A COUPLE with four small children cheated the benefits system out of more than £36,000 in a fraud which went on for years.

Gemma Kerr, 24, had just one five-month-old baby when she put in a claim for income support saying she was separated from her husband and unable to work because there was no one to look after her child.

By the time the law caught up with her and Anthony Kerr, 32, they had become parents to three more children and are now expecting their fifth.

Cardiff Crown Court heard how, as their family grew, so did their bank balance.

While Anthony Kerr worked as a taxi driver, the state paid out hundreds of pounds a month in support to his wife – money to which she wasn’t entitled.

In all she received £21,776 in income support as well as housing benefits and council tax totalling £14,520, said prosecutor Tom Crowther.

Kerr’s applications for taxi driver licences exposed the cheating when the local authority realised his address at Elizabeth Avenue, Barry, was the same one his wife used for her benefits.

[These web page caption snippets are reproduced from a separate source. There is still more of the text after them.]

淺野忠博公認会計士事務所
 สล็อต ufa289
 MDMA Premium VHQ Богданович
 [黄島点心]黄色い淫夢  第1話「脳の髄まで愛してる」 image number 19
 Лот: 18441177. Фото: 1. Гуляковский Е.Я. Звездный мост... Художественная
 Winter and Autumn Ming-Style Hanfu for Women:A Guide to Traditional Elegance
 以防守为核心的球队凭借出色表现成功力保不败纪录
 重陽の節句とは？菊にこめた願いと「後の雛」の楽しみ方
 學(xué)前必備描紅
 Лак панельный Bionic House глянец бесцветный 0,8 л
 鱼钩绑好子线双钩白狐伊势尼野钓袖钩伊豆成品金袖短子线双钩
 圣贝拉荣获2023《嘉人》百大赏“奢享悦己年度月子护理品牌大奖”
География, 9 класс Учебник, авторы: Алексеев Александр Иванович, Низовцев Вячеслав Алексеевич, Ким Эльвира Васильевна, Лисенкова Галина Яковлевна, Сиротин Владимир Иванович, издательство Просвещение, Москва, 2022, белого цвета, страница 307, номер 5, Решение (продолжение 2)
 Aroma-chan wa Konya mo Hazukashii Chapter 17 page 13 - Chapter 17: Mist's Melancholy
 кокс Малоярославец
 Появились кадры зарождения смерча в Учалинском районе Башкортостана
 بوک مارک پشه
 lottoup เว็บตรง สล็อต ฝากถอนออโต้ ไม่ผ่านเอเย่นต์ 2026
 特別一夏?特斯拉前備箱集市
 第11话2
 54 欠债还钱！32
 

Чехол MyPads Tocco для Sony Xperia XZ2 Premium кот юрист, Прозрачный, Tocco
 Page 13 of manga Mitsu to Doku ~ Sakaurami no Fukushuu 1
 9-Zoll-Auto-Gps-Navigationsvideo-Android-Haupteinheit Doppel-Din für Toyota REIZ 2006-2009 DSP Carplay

Mr Crowther said: “They cross-referenced the details with credit agencies and found he had claimed to have been living at that address with his wife for the past four years.

Defence barrister Ruth Smith said pregnant Gemma Kerr was a caring mother who had academic qualifications and hoped to become a nurse.

Her husband is now supporting his family and paying back the £36,296 at the rate of more than £300 a month.

Both were said to be remorseful and pleaded guilty to making false claims.

Recorder Huw Davies QC said they deserved prison sentences but the six-month terms would be suspended because of the effect locking them up would have on their children, now aged six, four, two and 11 months.

He said he was also thinking of the additional cost to the public purse if the state had to look after them while their parents were in prison.